A number of program modules may be stored on the hard disk, magnetic disk, optical disk, ROM, or RAM. These programs include operating system 730, one or more application programs 732, other programs 734, and program data 736. Application programs 732 or other programs 734 may include, for example, computer program logic (e.g., computer program code or instructions) for implementing embodiments described herein, such as but not limited to, system 100 of FIG. 1, system 200 of FIG. 2, system 400 of FIG. 4, and system 600 of FIG. 6, along with any components and/or subcomponents thereof, as well as the flowcharts/flow diagrams described herein, including portions thereof, and/or further examples described herein.

A user may enter commands and information into the computing device 700 through input devices such as keyboard 738 and pointing device 740. Other input devices (not shown) may include a microphone, joystick, game pad, satellite dish, scanner, a touch screen and/or touch pad, a voice recognition system to receive voice input, a gesture recognition system to receive gesture input, or the like. These and other input devices are often connected to processor circuit 702 through a serial port interface 742 that is coupled to bus 706, but may be connected by other interfaces, such as a parallel port, game port, or a universal serial bus (USB).

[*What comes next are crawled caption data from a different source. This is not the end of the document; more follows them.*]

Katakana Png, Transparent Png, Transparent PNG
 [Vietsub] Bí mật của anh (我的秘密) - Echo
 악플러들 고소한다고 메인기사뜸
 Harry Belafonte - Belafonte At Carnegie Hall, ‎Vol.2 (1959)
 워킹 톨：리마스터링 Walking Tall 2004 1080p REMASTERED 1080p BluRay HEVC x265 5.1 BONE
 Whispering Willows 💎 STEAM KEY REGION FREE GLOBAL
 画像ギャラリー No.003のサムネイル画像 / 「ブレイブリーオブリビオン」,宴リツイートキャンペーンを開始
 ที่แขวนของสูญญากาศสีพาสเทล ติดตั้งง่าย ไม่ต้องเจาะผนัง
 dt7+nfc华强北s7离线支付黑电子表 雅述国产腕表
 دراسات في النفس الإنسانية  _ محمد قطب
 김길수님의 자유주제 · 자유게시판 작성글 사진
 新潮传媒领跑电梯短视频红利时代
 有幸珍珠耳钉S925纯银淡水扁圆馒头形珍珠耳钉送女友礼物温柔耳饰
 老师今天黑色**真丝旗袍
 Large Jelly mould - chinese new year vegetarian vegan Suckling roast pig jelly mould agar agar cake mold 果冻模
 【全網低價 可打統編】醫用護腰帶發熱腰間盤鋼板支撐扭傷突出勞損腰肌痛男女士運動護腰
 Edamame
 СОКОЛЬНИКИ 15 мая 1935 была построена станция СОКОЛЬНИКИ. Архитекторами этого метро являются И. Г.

A display screen 744 is also connected to bus 706 via an interface, such as a video adapter 746. Display screen 744 may be external to, or incorporated in computing device 700. Display screen 744 may display information, as well as being a user interface for receiving user commands and/or other information (e.g., by touch, finger gestures, virtual keyboard, etc.). In addition to display screen 744, computing device 700 may include other peripheral output devices (not shown) such as speakers and printers.

Computing device 700 is connected to a network 748 (e.g., the Internet) through an adaptor or network interface 750, a modem 752, or other means for establishing communications over the network. Modem 752, which may be internal or external, may be connected to bus 706 via serial port interface 742, as shown in FIG. 7, or may be connected to bus 706 using another interface type, including a parallel interface.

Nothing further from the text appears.